Uyuşmazlık konusu işleme dayanak gösterilen Kanun maddesi ile yönetim kurulu başkanlığını üst üste iki dönem yapanların, iki seçim dönemi geçmedikçe yönetim kurulu üyesi seçilmesi dahi engellenmektedir. Başvuruya konu edilen 3568 sayılı Kanun’un 22. maddesinin 1. fıkrası son hükmüne benzeyen yasal düzenlemeleri içeren 6964 sayılı Ziraat Odaları ve Ziraat Odaları Birliği Kanunu’nun 11. maddesinin 3. fıkrası ve 5174 sayılı Türkiye Odalar ve Borsalar Birliği ile Odalar ve Borsalar Kanunu’nun 40. maddesinin 3. fıkrası sırasıyla Anayasa Mahkemesi’nin 23.07.2014 günlü E:2013/150 K2014/132 ve 10.01.2013 günlü E:2012/128 K2013/7 sayılı kararlarıyla iptal edildiği, iptal edilen bu düzenlemelerde ortak olan düzenlemenin “Üst üste iki dönem meclis başkanlığı yapmış olanlar, aradan iki seçim dönemi geçmedikçe aynı göreve seçilemeyeceğini” hükmünü içerdiği, Mahkememizce başvuru konusu yapılan hükmün ise daha katı bir düzenleme ile “üst üste iki seçim döneminde iki defa Yönetim Kurulu başkanlığına seçilmiş olanlar, aradan iki seçim dönemi geçmedikçe Yönetim Kurulu üyeliğine seçilemeyeceği” şeklinde düzenlendiği görülmüştür. Bu kuralla seçme ve seçilme hakkı yönünden getirilen sınırlama, demokrasi anlayışı ile bağdaşmadığı gibi, Anayasal dayanaktan da yoksun bulunmaktadır. Anayasa’nın 135. maddesinin ilk fıkrasında, kamu kurumu niteliğindeki meslek kuruluşlarının organlarının, kanunda gösterilen usullere göre yargı gözetimi altında gizli oyla seçileceği öngörülerek, bu konuda yasa koyucuya düzenleme yetkisi verilmiş ise de bu yetki yalnız seçim usullerinin belirlenmesiyle sınırlıdır. Seçme ve seçilme hakkının kullanılmasına getirilen engellemelerin bu kapsamda olmadığı, demokratik hukuk devletinde üyelerin kendilerini temsil yetkisi vermek istedikleri kişileri özgür iradeleri ile seçmeleri gerektiği açıktır. Dolayısıyla yasa koyucunun, Anayasa’da sınırlama nedenleri gösterilmemiş demokratik hakların kullanılmasını engelleyecek düzenlemeler yapması olanaklı değildir.

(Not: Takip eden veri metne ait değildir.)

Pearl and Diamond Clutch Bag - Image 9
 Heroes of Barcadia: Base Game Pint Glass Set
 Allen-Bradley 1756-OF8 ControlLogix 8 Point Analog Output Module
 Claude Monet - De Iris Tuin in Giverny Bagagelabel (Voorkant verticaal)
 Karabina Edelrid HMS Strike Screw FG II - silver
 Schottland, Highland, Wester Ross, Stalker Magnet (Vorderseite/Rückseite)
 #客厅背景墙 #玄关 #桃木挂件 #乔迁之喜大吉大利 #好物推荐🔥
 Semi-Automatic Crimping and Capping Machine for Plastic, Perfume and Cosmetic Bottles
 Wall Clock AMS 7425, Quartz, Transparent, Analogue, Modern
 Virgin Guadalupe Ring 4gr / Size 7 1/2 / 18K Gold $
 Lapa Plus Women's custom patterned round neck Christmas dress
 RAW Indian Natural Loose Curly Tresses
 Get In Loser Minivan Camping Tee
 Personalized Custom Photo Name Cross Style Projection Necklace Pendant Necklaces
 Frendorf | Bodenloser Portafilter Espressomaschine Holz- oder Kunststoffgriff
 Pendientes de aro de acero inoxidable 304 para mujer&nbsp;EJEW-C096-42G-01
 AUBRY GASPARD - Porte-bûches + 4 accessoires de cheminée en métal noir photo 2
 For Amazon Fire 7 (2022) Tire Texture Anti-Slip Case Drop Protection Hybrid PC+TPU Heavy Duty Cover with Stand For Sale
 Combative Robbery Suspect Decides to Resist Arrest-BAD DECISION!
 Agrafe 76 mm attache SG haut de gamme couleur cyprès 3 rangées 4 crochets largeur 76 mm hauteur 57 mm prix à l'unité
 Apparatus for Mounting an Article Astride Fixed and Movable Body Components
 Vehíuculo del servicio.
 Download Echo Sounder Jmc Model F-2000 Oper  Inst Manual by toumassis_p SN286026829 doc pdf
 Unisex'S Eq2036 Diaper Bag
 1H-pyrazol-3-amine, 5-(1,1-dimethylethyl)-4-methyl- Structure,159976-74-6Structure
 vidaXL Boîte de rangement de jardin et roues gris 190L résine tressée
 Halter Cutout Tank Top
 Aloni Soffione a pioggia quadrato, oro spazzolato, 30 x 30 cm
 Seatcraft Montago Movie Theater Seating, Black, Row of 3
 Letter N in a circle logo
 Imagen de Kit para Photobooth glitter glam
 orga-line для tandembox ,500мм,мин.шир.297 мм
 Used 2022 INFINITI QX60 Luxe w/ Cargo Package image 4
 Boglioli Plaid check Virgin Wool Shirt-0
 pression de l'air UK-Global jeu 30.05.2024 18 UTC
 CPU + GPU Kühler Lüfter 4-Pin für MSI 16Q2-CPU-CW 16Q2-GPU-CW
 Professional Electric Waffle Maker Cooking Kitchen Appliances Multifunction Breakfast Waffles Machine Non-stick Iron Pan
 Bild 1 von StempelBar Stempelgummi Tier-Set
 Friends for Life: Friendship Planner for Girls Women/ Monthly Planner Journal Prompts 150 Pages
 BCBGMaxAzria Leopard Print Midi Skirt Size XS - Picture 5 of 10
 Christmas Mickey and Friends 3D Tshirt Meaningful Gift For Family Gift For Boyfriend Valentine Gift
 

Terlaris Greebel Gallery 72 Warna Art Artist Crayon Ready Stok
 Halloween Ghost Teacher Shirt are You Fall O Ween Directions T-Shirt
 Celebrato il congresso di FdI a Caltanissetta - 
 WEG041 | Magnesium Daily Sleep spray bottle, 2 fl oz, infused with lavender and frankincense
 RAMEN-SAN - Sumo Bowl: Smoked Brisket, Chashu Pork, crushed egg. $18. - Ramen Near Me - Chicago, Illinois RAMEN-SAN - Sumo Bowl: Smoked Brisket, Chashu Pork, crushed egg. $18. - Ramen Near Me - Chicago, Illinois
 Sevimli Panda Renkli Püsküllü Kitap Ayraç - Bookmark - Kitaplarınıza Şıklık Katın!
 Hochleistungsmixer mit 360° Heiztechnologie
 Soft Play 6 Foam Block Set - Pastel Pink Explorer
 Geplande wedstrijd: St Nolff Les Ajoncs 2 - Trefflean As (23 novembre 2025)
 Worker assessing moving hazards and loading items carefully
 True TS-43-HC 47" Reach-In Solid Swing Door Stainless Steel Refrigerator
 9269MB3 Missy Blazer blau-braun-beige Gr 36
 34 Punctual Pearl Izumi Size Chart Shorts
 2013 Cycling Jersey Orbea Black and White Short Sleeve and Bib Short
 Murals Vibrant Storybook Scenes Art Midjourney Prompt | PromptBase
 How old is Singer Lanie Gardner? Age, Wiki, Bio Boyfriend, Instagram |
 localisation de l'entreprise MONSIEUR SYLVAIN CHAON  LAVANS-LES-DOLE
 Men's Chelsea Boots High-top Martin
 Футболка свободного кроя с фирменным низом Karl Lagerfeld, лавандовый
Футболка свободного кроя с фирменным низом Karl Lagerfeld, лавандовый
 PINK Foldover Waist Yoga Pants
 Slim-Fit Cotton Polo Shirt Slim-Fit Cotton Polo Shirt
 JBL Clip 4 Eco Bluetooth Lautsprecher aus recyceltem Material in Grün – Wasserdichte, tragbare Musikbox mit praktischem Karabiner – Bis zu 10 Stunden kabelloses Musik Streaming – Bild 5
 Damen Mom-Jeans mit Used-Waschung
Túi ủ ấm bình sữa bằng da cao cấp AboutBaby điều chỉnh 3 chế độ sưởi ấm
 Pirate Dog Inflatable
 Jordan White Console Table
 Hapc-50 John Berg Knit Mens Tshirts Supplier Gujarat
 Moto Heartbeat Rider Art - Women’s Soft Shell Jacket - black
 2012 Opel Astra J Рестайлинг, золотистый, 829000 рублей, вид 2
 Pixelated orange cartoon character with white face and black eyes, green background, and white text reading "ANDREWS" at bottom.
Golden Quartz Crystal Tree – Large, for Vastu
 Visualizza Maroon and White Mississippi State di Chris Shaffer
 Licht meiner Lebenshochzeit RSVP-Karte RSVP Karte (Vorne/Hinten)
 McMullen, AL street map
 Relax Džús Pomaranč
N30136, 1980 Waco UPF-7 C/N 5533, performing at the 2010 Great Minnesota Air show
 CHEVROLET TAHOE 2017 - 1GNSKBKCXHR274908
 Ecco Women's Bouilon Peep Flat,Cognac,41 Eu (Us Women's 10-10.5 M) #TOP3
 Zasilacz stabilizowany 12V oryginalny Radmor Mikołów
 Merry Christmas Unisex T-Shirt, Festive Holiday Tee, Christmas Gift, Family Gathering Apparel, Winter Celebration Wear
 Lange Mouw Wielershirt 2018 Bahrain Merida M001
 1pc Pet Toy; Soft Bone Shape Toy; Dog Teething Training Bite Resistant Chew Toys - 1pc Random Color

Nitekim yukarıda tarih ve sayısı belirtilen Anayasa Mahkemesi kararlarında;
“Anayasa’nın 135. maddesinde, kamu kurumu niteliğindeki meslek kuruluşları ve üst kuruluşlarının maddede belirtilen amaçlar doğrultusunda kanunla kurulan ve organları kendi üyeleri tarafından kanunda gösterilen usullere göre yargı gözetimi altında gizli oyla seçilen kamu tüzelkişileri olduğu belirtilmiştir. Tüzelkişilikleri olan bu tür meslek kuruluşlarının yönetsel vesayet ağırlığı, yönetim ve mali konularda denetim yoğunluğunu getirmekle birlikte, organlarını kendi üyeleri arasından kanunda belirlenen yöntemlere göre seçmeleri ilkesi benimsenmiştir. Böylece Anayasa, kamu kurumu niteliğindeki meslek kuruluşlarının yönetim ve işleyişlerinin demokratik hukuk devleti esaslarına uygun olması kuralını öngörmüş ve kurum içi demokratik yapıyı sağlamıştır. Demokratik düzenin en belirgin niteliği de seçimlerdir. Seçimlerin adaletli bir katılım ile serbest, eşit ve genel-oy ilkelerine dayalı olarak gerçekleşmesi gerekmektedir.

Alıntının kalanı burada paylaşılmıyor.